This section is from the book "Cyclopedia Of Architecture, Carpentry, And Building", by James C. et al. Also available from Amazon: Cyclopedia Of Architecture, Carpentry And Building.
A common form of urinal is shown in Fig. 13. The partitions and slab at the back are either of slate or marble and the bowl of porcelain. They may be flushed like a closet. Fig. 14 shows a section through the bowl and indicates the manner of flushing, partly through the rim and partly at the back. The trap or seal is shown at the bottom. Another form is shown in Fig. 15. In this case the bowl remains partly filled with water which forms a seal as shown. It is flushed both through the rim and the passage at the back. In action it is the same as the syphon closet shown in Fig. 8 and the bowl is drained each time it is flushed, but immediately fills with water to the level indicated.

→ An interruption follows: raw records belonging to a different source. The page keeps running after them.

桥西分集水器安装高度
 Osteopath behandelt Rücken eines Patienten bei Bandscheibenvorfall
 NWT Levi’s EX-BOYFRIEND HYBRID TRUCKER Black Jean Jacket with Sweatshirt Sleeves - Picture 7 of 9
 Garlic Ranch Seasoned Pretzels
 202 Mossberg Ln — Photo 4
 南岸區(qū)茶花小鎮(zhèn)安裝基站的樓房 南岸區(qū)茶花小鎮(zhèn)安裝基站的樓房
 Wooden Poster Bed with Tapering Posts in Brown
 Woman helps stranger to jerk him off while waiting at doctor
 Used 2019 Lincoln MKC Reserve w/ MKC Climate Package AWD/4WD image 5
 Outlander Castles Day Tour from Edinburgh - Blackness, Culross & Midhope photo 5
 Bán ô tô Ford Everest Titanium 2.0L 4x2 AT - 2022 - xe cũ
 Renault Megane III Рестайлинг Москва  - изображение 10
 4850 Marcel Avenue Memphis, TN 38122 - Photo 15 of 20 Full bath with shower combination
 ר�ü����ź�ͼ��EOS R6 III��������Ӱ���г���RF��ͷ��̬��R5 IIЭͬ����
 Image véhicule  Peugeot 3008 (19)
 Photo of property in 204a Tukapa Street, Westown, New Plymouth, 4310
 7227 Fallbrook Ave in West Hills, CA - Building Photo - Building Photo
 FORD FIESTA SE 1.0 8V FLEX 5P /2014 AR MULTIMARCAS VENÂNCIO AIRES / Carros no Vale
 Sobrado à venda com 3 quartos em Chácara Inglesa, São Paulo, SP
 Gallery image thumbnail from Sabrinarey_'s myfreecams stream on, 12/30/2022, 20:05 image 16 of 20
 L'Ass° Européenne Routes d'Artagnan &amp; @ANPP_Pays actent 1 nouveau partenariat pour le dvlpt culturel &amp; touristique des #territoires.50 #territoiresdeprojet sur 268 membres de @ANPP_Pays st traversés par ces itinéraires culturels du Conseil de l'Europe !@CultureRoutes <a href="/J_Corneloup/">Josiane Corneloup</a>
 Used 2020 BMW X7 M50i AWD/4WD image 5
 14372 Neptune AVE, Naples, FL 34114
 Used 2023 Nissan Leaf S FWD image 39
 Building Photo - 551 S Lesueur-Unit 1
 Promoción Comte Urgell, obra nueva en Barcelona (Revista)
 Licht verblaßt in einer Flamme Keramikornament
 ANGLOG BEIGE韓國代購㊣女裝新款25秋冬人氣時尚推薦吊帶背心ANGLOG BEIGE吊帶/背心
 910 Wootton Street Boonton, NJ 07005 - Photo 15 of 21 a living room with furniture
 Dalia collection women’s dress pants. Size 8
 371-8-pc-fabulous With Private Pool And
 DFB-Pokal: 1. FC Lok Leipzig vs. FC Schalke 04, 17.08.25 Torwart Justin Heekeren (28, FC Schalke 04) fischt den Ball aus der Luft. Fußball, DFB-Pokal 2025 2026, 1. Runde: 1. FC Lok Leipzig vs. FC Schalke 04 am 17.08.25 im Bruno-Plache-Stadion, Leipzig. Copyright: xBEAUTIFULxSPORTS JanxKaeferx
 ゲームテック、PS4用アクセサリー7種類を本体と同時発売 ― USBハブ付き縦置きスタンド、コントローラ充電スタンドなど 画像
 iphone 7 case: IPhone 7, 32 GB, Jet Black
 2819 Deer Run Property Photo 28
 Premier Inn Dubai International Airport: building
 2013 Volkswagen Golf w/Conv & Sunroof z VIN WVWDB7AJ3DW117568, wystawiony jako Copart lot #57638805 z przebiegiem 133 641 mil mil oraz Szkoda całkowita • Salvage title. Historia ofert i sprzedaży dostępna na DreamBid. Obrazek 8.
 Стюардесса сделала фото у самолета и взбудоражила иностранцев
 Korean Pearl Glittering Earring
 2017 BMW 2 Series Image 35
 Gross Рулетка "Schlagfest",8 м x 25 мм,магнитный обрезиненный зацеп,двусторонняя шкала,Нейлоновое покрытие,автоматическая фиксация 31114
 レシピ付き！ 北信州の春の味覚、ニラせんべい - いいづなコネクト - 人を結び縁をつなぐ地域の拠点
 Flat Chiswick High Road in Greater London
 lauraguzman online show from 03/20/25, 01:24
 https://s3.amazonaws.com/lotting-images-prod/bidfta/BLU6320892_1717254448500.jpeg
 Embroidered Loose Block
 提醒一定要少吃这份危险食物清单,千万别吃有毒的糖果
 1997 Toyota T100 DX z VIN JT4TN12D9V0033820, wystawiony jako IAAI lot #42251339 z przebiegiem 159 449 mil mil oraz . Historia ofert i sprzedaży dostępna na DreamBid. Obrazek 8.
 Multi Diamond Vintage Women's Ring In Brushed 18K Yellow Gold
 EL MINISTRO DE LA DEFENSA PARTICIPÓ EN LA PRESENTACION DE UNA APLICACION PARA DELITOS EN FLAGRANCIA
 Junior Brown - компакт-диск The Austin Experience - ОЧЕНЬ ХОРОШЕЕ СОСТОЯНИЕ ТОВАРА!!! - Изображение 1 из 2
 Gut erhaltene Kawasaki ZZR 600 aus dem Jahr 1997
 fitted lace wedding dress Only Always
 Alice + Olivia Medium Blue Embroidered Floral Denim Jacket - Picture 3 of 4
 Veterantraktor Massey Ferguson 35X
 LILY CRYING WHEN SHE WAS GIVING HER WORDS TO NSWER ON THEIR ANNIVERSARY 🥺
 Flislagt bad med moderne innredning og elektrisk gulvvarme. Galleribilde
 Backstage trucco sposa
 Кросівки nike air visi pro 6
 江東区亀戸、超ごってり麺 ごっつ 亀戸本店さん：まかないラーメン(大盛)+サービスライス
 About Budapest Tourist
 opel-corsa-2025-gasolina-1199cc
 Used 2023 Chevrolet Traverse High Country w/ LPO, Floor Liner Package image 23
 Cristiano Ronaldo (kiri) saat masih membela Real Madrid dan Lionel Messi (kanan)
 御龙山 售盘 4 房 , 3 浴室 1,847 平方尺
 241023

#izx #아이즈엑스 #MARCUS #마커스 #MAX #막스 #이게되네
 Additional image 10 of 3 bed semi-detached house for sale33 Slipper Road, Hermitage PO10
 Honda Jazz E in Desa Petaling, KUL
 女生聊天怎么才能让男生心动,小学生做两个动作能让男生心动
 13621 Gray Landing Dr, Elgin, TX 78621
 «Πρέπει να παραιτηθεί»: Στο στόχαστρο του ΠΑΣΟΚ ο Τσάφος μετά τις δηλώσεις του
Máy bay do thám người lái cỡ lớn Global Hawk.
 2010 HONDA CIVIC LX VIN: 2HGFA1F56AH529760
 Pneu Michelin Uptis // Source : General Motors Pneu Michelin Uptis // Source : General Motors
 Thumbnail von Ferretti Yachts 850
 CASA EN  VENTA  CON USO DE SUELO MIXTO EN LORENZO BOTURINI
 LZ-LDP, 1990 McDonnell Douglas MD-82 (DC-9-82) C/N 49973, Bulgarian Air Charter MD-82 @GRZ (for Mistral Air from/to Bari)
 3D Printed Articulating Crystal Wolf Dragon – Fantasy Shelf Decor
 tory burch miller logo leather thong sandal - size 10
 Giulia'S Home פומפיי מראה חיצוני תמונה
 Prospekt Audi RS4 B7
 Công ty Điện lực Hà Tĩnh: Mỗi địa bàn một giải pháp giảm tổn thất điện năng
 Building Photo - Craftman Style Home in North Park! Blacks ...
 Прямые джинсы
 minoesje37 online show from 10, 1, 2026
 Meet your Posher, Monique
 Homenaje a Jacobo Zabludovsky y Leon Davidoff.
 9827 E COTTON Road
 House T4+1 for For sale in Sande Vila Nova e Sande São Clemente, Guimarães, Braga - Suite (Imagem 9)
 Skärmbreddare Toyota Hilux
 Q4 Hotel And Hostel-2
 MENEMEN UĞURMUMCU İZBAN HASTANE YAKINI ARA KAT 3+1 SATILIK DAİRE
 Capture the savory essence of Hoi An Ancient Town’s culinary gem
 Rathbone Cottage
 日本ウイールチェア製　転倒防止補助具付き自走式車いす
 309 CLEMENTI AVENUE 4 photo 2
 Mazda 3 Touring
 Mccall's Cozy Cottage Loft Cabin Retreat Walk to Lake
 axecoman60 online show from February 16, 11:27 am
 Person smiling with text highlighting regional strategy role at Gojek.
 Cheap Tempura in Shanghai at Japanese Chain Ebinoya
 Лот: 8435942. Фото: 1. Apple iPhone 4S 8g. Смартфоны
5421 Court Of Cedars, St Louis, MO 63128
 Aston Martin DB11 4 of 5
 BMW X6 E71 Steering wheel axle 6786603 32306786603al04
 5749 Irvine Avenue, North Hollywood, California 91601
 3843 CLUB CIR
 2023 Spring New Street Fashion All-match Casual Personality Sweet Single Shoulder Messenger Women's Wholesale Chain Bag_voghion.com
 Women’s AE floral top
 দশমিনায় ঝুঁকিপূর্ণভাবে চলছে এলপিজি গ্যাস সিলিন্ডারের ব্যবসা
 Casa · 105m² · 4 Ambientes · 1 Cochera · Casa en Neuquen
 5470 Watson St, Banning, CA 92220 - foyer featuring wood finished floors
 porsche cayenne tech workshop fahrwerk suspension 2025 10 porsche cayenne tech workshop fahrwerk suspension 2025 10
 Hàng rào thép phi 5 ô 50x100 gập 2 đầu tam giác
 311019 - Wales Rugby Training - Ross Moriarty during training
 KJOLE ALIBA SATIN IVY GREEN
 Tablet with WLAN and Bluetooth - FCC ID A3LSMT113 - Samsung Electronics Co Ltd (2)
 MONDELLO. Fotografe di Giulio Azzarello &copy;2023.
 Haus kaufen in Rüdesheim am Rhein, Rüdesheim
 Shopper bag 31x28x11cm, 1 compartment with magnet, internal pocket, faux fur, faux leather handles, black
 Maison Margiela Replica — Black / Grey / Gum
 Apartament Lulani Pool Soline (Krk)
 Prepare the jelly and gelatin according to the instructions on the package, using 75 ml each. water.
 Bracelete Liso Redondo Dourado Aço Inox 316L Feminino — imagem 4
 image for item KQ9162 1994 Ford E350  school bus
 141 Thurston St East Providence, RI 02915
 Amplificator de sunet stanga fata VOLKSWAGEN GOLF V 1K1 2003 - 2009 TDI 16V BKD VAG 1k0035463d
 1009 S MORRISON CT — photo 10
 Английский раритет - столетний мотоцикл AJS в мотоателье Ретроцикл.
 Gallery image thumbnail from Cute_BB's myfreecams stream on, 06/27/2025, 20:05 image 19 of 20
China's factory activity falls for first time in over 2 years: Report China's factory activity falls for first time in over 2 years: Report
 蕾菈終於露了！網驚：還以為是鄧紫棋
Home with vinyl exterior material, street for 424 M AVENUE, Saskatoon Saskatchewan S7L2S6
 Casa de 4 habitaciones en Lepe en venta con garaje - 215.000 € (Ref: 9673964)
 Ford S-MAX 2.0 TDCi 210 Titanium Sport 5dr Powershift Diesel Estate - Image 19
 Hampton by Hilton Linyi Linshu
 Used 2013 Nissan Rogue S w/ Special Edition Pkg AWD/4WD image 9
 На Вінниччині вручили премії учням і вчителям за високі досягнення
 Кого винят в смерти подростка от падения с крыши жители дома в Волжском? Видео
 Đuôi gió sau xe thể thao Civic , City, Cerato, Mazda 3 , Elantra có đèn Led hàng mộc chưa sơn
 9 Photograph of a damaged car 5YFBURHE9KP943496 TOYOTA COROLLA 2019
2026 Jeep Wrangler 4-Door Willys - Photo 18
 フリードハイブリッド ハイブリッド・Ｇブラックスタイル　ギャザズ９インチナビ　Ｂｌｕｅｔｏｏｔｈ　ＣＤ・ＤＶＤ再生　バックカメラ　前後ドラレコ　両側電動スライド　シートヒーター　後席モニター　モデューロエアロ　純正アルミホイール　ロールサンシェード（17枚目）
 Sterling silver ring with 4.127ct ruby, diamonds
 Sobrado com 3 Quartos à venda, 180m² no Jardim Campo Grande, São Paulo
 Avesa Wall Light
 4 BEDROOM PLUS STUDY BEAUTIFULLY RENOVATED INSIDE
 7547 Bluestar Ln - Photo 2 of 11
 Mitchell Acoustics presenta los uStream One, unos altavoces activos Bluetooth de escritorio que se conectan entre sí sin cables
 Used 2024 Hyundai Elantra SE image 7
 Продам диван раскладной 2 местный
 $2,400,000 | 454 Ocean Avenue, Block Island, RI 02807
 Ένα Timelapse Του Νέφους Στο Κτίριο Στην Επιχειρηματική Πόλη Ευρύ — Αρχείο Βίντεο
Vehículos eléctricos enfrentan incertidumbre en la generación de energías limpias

An automatic flushing device is illustrated in Fig. 16. When the water line in the tank reaches a given level, the float lever releases a catch and flushes the urinal. The intervals of flushing can be regulated by adjusting the cock shown in the inlet pipe, near the bottom of the tank.
A simple form of urinal commonly used in schools and public buildings is shown in Fig. 17. This is flushed by means of small streams of water which are discharged through the perforated pipe near the top of the slab at the back and run down in a thin sheet to the gutter at the bottom.